The main bobby calf season is almost here but export markets are still affected by covid-19, leading to some concern about prices.
There is usually about a month’s difference in the start of calving between the North Island and South Island dairy herds. Bobby calves usually start heading to North Island processors in early July and peak at 138,000 calves/week at the start of August. The South Island season peaks in late August at 106,000 calves a week though the numbers have been trending downwards as the national dairy herd contracts.
Bobby calves usually serve two purposes. First, they provide products such as skins, serum and rennet for use in other industries as well as restaurant cuts and manufacturing beef for use in softer meat items such as baby and pet foods. Second, the bobby calf kill season is used to keep sheep processing plants busy during the lamb off-season to spread plant operating costs and retain a skilled labour force.
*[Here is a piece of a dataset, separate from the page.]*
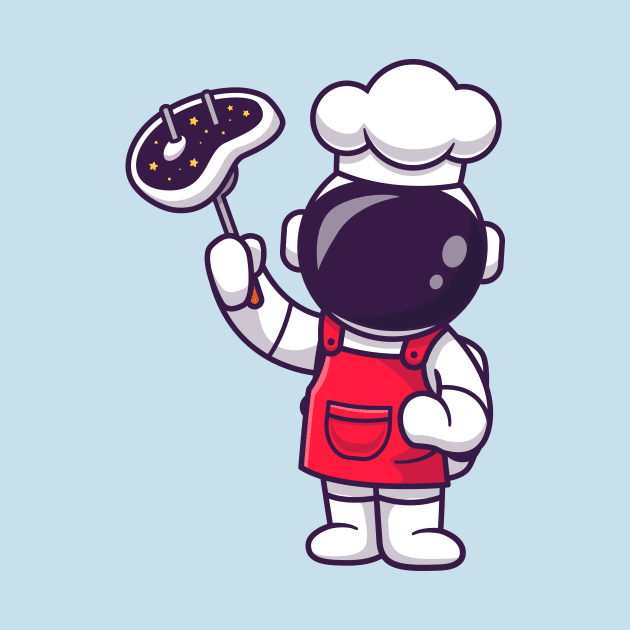 Cute Astronaut Chef With Grilled Meat Cartoon by Catalyst Labs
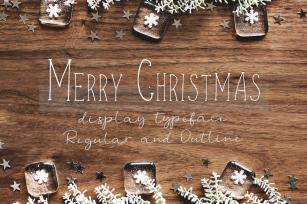 Merry Christmas display font and doodles Font Download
While processors are accustomed to not making much of a margin on bobby calf veal, co-products such as hides, bones and serum are also devaluing below last year’s levels. Hide returns have dropped to such a low that processing the skins would lose money – that is also having flow-on effects for rendering of other stock such as dead cow pick up services.
With bobby calf returns down in the dumps processors are signalling this season’s price will be lower than last year. Last season’s price was already at the tipping point so taking it any lower would mean dairy farmers being incentivised to euthanise on-farm rather than rearing the calves to four days, particularly for farms facing a staff shortage or with longer trucking distances to processors. On-farm slaughter is unpalatable for many farms even if it means producing four-day calves for a financial loss.
While processors and dairy farmers ponder their options it is worth considering what this will mean for the feeder calf market and for the sheep processing plants. Feeder calf prices are likely to ease too, particularly for four-day Friesian bull calves that are most closely aligned with the bobby price. Lower feeder calf prices will be a welcome relief for calf rearers who have been squeezed by poor margins. Though a good uptake of 100kg calf contracts is what is really needed to turn the calf-rearing situation around. Calf contracts will need to be forthcoming to ensure a good supply of finishing stock for the coming season, particularly if there has been a significant cut taken out of the beef breeding herd by this season’s drought.
A significantly lower bobby calf kill, if that happens, would also leave a lot of empty hooks in the sheep processing plants. That could push up the winter lamb price, which is already shifting upward because of increasing procurement competition. Or it could mean slaughter capacity is further reduced in lamb plants over winter, which could mean a slow start to the season in spring as that capacity rebuilds.